* DIRECTIONS FOR THIS TASK
All of the data should be reproduced word for word, though its pictures must be omitted.

* THE DATA
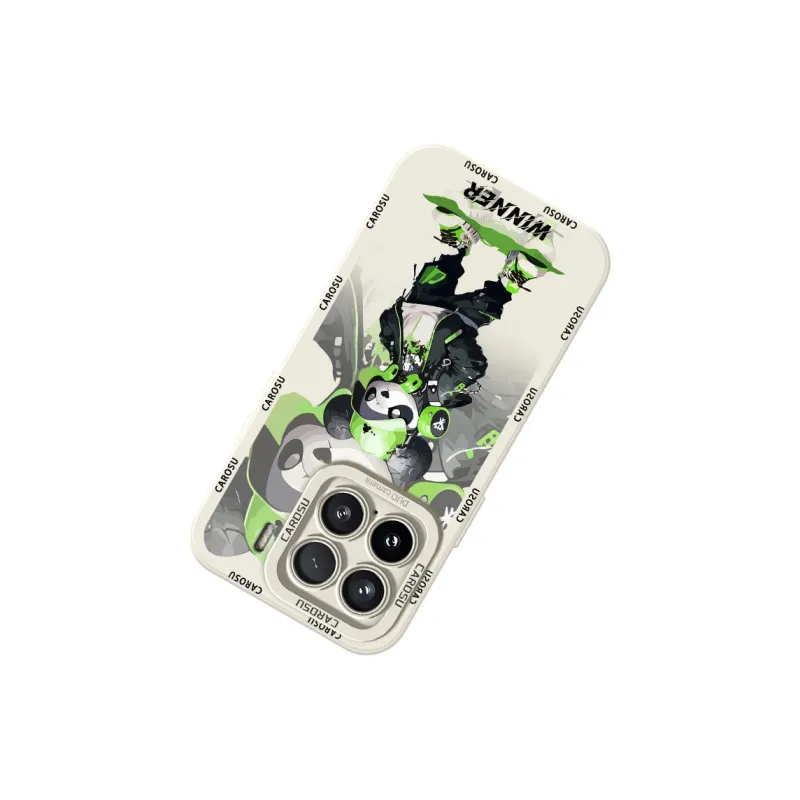 CHUNFAN Phone Cases-8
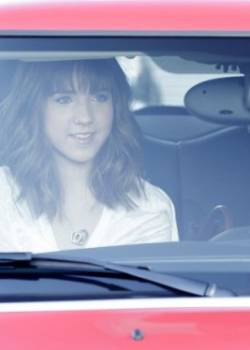 Siostra Jackie - sezon 6 - odcinek 7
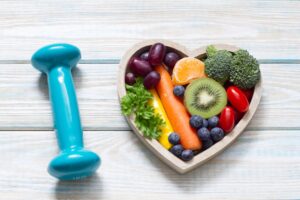 nutritie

* TASK OUTPUT
 CHUNFAN Phone Cases-8
 Siostra Jackie - sezon 6 - odcinek 7
 nutritie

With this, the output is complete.